This copycat Dairy Queen Reese’s blizzard is the easiest, most delicious treat you will make. Made with vanilla ice cream, Reese’s peanut butter cups and a splash of milk, your family will keep asking for this treat — mine does!

A spoon scooping out some homemade Reese's peanut butter cup blizzard.

An Inexpensive Treat

Confession: I make this DQ blizzard once a week. It’s super hot in the summer here, and a cold treat does wonders for us. I was surprised to find recipes online that made this SO much more complicated than it had to be: “in the bowl of a stand mixer” yada yada yada. NO! Ditch the stand mixer, grab the blender and let’s not make this more complicated than it has to be. 

Plus, the key to making the best ice cream shake is making it quick enough that you don’t melt the ice cream. Making it in a stand mixer doesn’t blend the ingredients together quick enough and your shake will be way too melty. 

Also, can we just mention real quick how much cheaper it is to make your own DQ blizzard at home. It’s cheaper and tastes just as good, if not better.

Reese's peanut butter cups in their original orange packaging against a white background.

Ingredients

  • Vanilla ice cream — as much or as little as you want. When I make it for 1 person (aka, myself) I’ll use about 2-3 scoops of ice cream. 
  • Reese’s PB cups — Who am I to tell you how many Reese’s you should use. You can load as many or as little into your blizzard as you want. I do 3-4… I know, I know. It’s a calorie dense treat. But it’s soooooo good!
    (Tip: I chill my Reese’s peanut butter cups prior to using them. It’s not necessary, but since I live in a hot climate, we have to keep them in the fridge to keep them intact and not as melty — keep that in mind for time of year or the climate you live in.) 
  • Milk — could also use half and half or heavy cream. You just need a small amount of liquid to get the blender to mix things up *just* enough without it being runny. We don’t want runny! This is a blizzard after all. 

A blender with vanilla ice cream and 4 Reese's peanut butter cups in it.

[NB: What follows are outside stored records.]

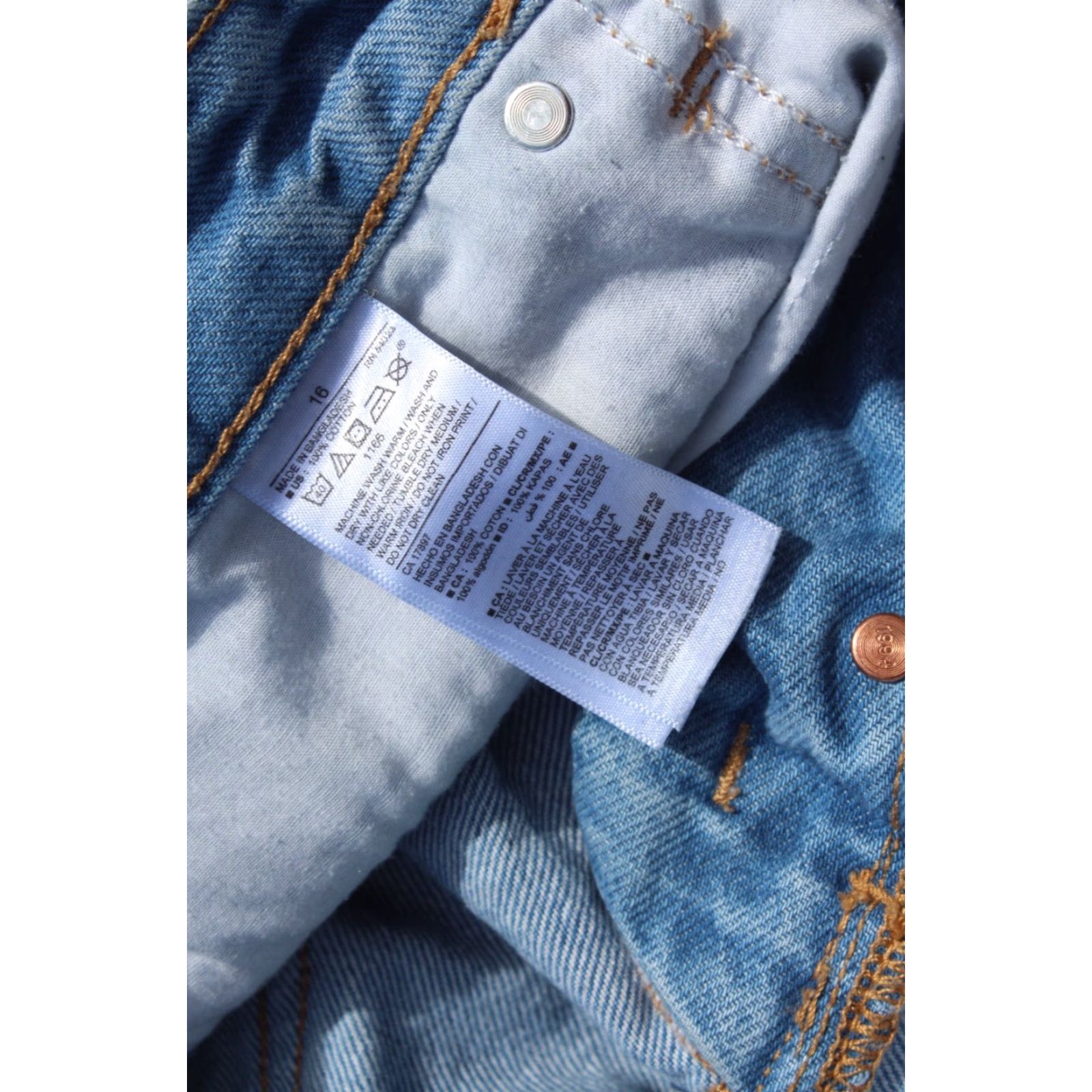 Old Navy Old Navy Womens Light Wash Denim Jean Shorts Size 16 Fast **Output:** Old Navy Womens Light Wash Denim Jean Shorts Size 16 Fast Size 38" / US 16 / IT 52 - 4 Thumbnail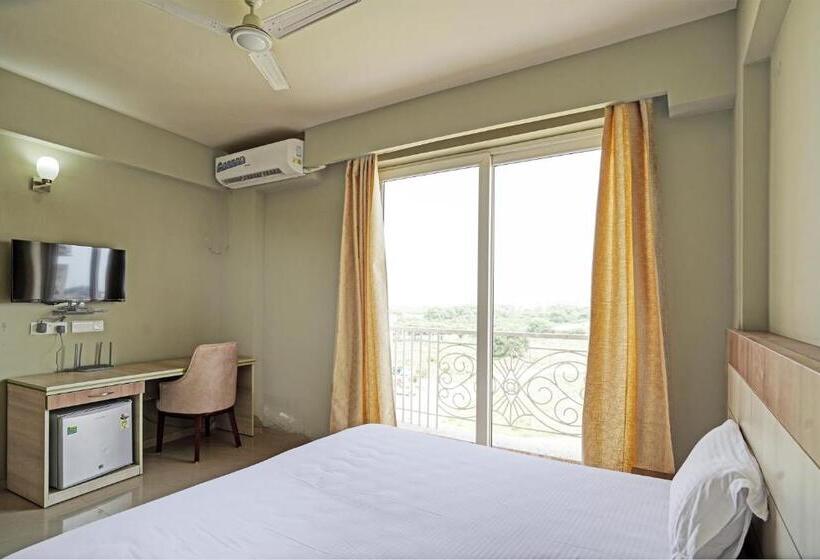 トリプルクラシックルーム, O Anirbhav Dham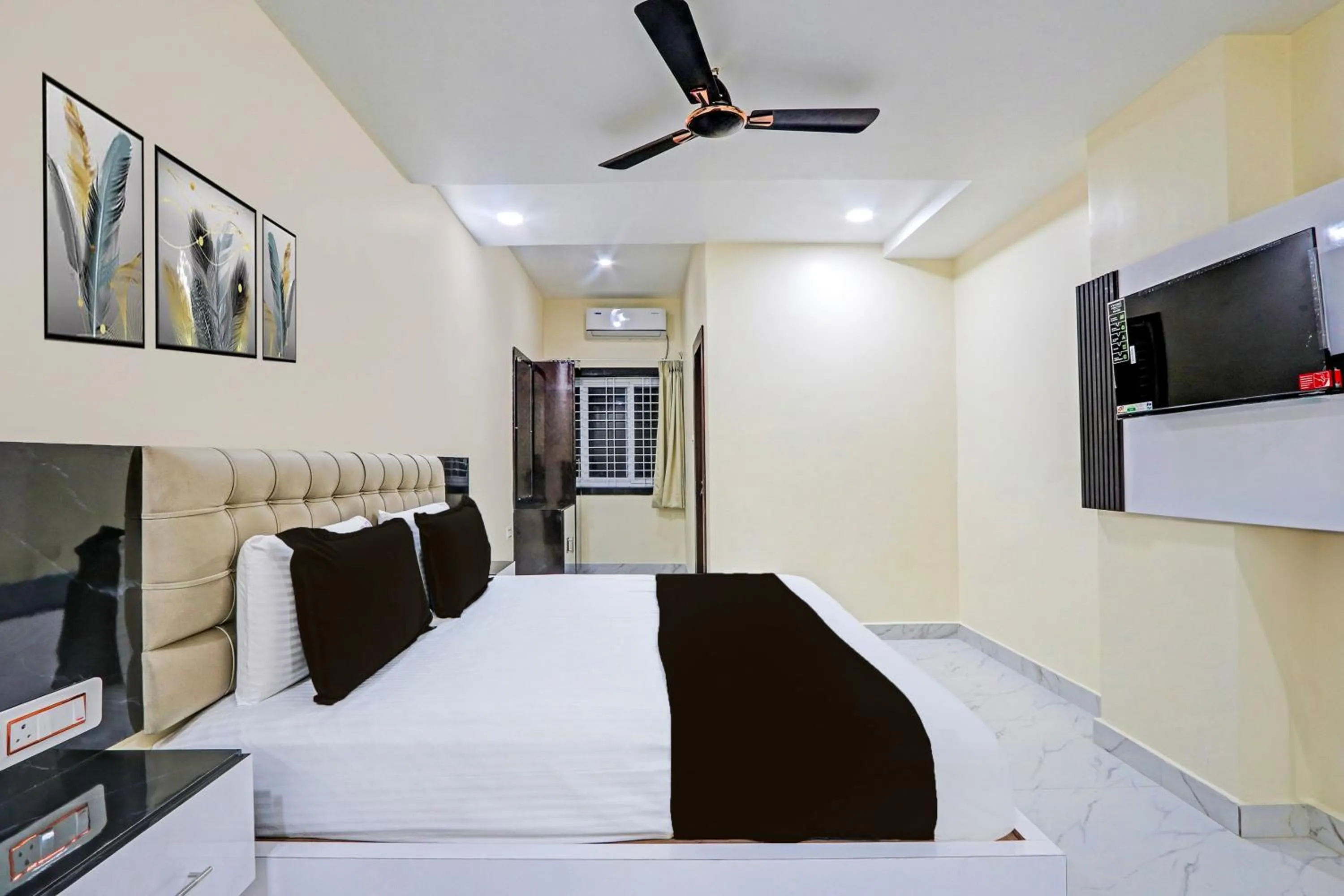 Bedroom in Super Hotel O SRI VISHNU RESIDENCY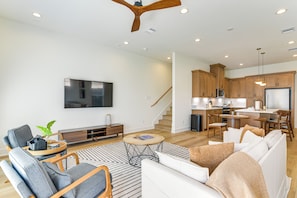 Front of property - 4 Mi to NRG Stadium: Modern Group Retreat (Houston)
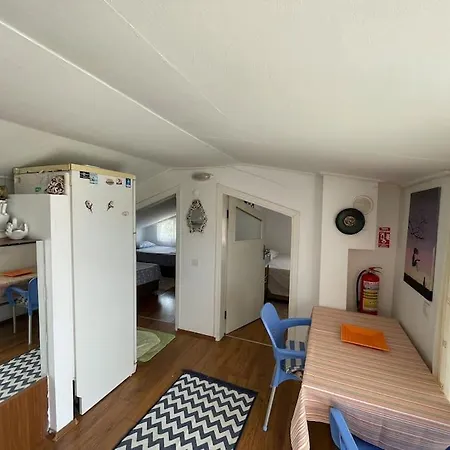 Full Deniz Manzarasina Sahip Cati Kati Dairesi Apartment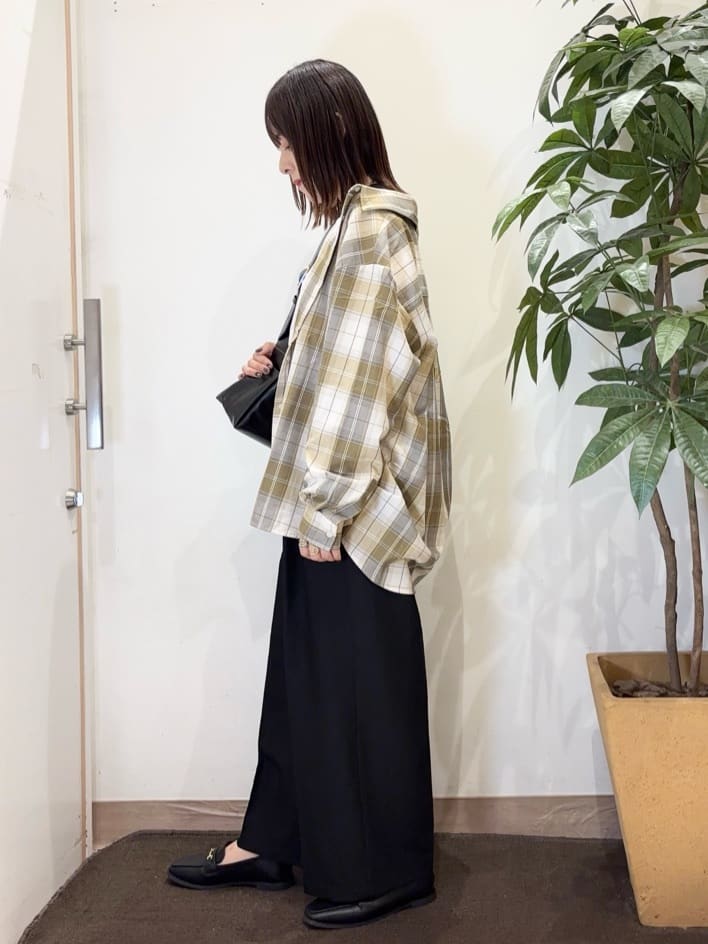 宗形さんの「SHOO･LA･RUE｜【洗濯機可/S-LL】程よい抜け感 大人のチェックシャツ」を使ったコーディネート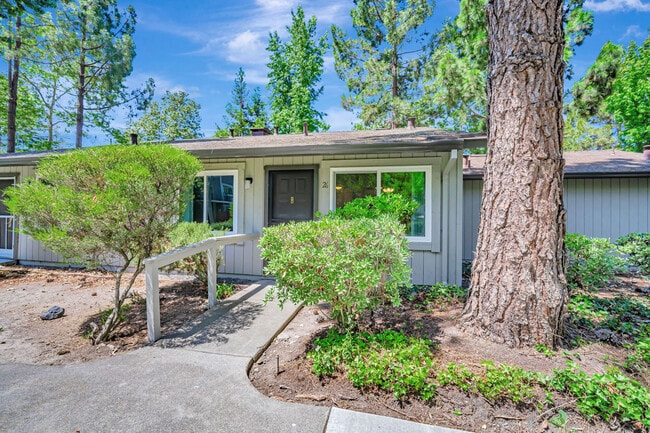 Building Photo - Country Club Village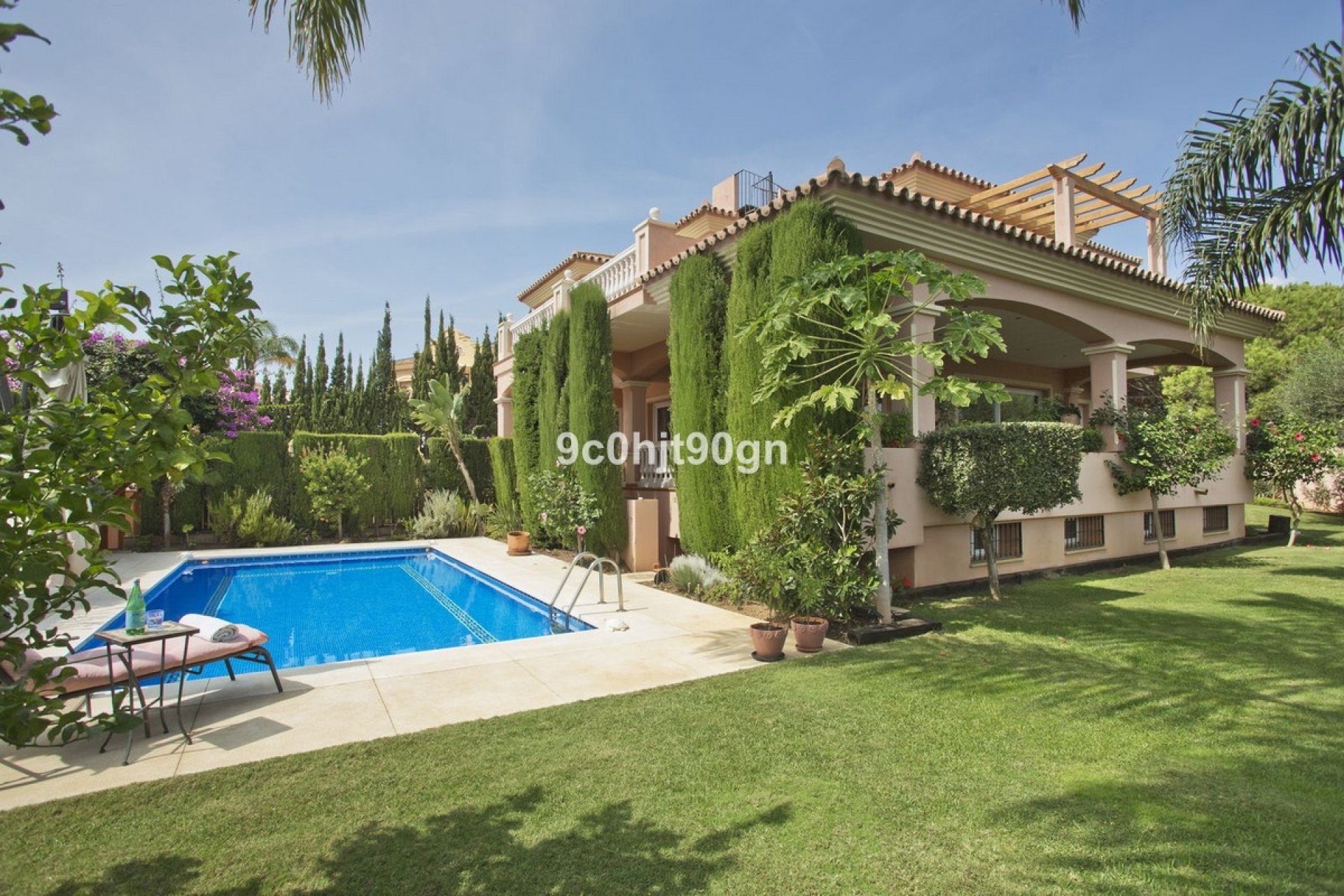 Resale - Villa - Marbella - Elviria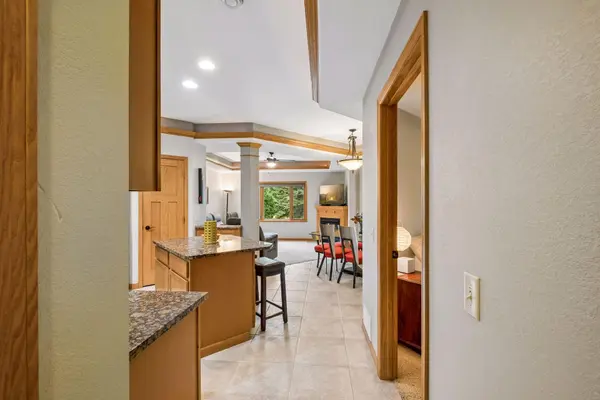 1911 Stone CRK, Hudson, WI 54016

How to Make a Reese’s Blizzard

It’s so funny to write this up because it’s literally so simple. I guess it’s like those directions on the back of toaster strudel packages on how to pop one in the toaster. 😂 But so as to not lead you astray here’s your foolproof way to make a blizzard at home:

  1. Add ingredients to a blender* and pulse blend until Reese’s are chopped up and incorporated into the ice cream. Serve immediately! 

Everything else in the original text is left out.